Getting a little bit hurt makes me angry at my haste, angry at rusting cables, angry that my anger has curdled even a spoonful of the morning. I kick the cable into the mud, wipe my hand on the seat of my pants, climb back into the truck. I push the lever into gear and pull up into the meadow. I think about sore hands and the correlative demands of bows and arrows. I think about mistakes I make despite my intentions. I think about the sharp hazards of the mundane. I think about tetanus, and if it’s still a thing.
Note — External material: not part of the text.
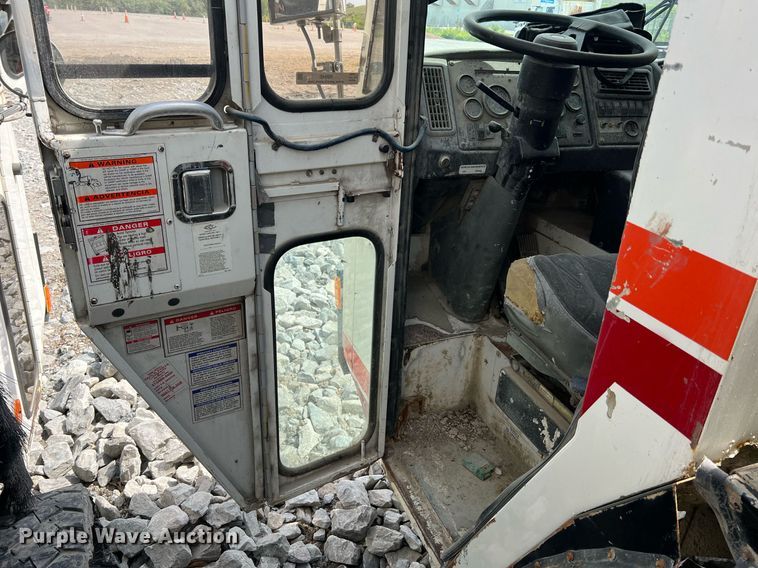 image for item II9046 2003 Crane Carrier Low Entry  refuse truck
I think I better get a move on to reach my stand before the daylight makes me plain.
*
I know that the woods speak a different language in the dark. I’m embarrassed to be grown-up and still a little afraid, but I step out into the nighttime, and I let it swallow me up. The barred owls, the ghost gray foxes, the rabbits in their throes: in the dark they are bold about their words. I wonder if the animals know this, and if they feel superior. More likely that their dialog is inconsiderate of me, that I somehow stumble into the sphere of their nighttime voices, and the intimacy knocks me off-balance. Maybe it’s the same I’d feel to hear my parents’ lovemaking, confused by the definition of them changed. In the night, privacy is lost to blue-black darkness… I hear the sentiments of animals, and I wonder if I shouldn’t.
A cart road bent around the contour of a hill; a band of fallen leaves defines the way. It’s a flatter dark, and uncluttered, vague in detail but complicated underfoot. I feel the resistance, the crunch and give of each twig and pinecone, but can’t retrieve my footsteps fast enough. It feels impossibly noisy. The shadow patches where the deer have made their scrapes allow a softer footfall. I’m encouraged by these silences, and the implication of their frequency. A hard bend left at the skeletal pine, a few hundred yards on, leaning into short steps up, and again I find some level ground.
I stop.
The breathing commanded by the climb settles back. I listen long enough to stillness compressing in around me, and in that space I’m nervous again. So, I take a step.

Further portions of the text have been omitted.